- _ENTRIES PROVIDED_
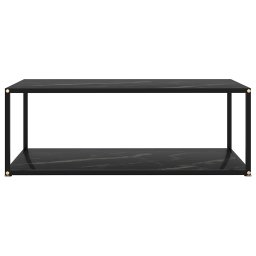 vidaXL Salontafel 100x50x35 cm gehard glas zwart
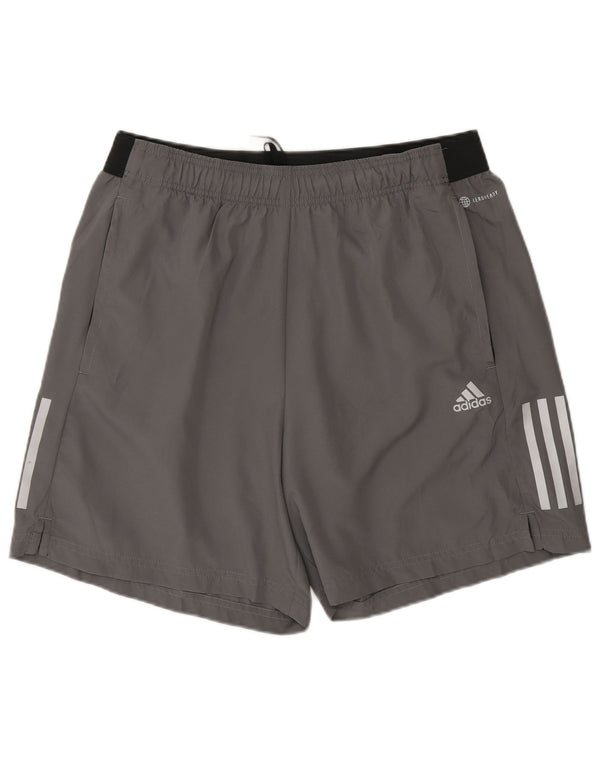 Adidas Mens Aeroready Sport Shorts Grande Cinza Colorblock Poliéster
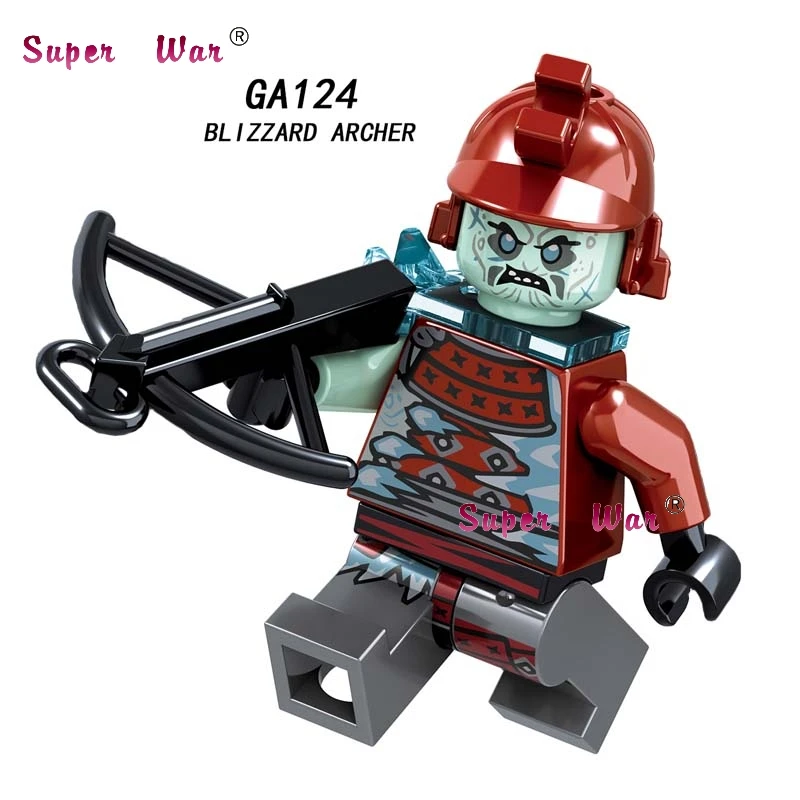 GA124 Одна модель строительных блоков Char Snake Archer Акита меч Vex Ice Emperor игрушки для детей - Цвет: GA124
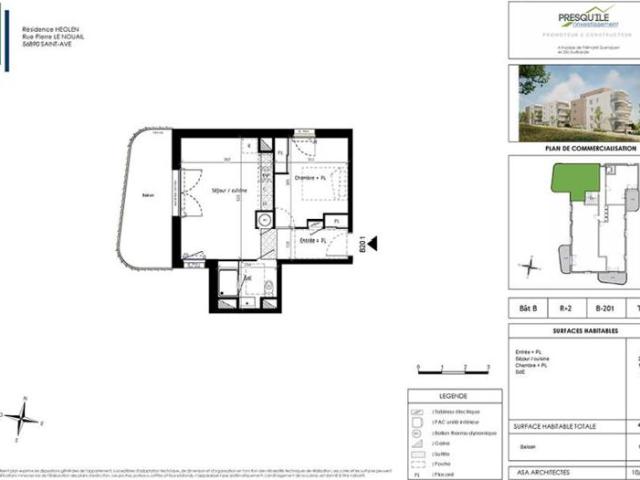 Appartement T2 40.3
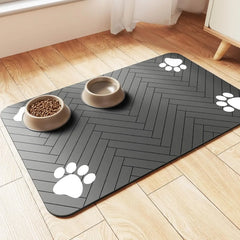 Quick-Dry Feeding Mat – 30X50cm Black, image 1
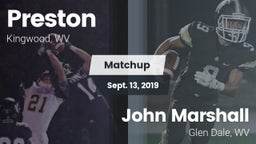 Matchup: Preston vs. John Marshall  2019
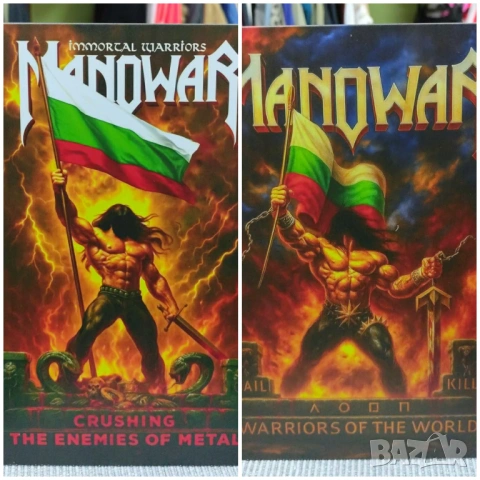 Manowar BG Flag-метални табели плакети, снимка 7 - Китари - 54061119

- _ABOUT THIS EXERCISE_
Lines from the one containing "Matchup: Preston vs." through the end of the entries above, both included, are to be written out exactly; no pictures and no other lines.

- _YOUR SOLUTION_
 Matchup: Preston vs. John Marshall  2019
 Manowar BG Flag-метални табели плакети, снимка 7 - Китари - 54061119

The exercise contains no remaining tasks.